Research Fellows Directory
Dr Andrew Pilkington
University of Manchester
Particle physicists are on a journey to understand the fundamental forces of nature. This journey began in 1687 when Isaac Newton published his law of universal gravitation, a mathematical theory that described simultaneously how planets orbit the earth and apples fall from trees. Fast forward three hundred years and particle physicists have developed the Standard Model. The Standard Model tells us that three more forces govern the interactions of particles; the electromagnetic force that binds the electron and proton inside the atom, the weak nuclear force that is responsible for radioactive beta decay, and the strong nuclear force that binds the protons and neutrons together inside the atomic nucleus.

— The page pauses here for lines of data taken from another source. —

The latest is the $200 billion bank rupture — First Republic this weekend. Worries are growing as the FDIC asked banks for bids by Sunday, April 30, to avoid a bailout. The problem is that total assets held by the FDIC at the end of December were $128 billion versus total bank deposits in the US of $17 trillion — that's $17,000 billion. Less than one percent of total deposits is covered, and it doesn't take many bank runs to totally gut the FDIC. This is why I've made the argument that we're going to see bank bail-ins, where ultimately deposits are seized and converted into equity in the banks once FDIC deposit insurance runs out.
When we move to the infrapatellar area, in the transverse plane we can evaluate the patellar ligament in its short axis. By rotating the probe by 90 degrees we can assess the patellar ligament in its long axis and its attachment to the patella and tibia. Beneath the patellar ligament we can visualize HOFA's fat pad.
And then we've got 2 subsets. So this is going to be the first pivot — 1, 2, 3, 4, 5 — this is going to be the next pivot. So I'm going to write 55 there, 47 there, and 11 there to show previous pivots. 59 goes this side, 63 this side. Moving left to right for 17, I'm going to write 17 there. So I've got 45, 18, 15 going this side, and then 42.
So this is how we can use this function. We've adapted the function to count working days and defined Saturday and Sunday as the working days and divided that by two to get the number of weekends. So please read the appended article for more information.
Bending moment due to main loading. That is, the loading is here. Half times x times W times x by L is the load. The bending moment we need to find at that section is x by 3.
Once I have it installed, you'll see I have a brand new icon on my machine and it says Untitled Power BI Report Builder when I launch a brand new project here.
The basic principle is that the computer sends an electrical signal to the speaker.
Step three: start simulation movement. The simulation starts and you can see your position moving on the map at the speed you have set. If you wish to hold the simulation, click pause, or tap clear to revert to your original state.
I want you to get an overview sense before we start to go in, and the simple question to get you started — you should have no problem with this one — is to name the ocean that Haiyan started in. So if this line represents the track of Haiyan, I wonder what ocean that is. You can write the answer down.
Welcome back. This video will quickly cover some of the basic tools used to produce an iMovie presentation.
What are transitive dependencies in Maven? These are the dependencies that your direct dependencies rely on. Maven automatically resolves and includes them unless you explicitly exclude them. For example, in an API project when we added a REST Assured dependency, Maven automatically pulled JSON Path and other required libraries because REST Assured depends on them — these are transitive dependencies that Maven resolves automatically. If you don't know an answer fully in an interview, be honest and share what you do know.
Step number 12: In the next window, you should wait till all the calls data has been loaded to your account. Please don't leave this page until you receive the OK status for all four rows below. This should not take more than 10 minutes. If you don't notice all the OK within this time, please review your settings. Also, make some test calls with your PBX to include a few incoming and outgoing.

A key part of the Standard Model is a particle known as the Higgs boson, which is responsible for giving the other particles mass. In July 2012, the ATLAS and CMS experiments at the Large Hadron Collider (LHC) announced the discovery of a Higgs-like particle. It is now crucial to determine whether this particle is the Higgs boson predicted by the Standard Model or a new particle entirely. Deviations from the SM could be a 'smoking gun' signal for new physics and help explain the big questions in particle physics, such as the nature of dark matter or the matter-antimatter asymmetry of the universe.
I work on the ATLAS experiment and the primary goal of my research is to pin down the properties of the Higgs boson and understand the relationship between the Higgs boson, dark matter and the matter-antimatter asymmetry of the universe.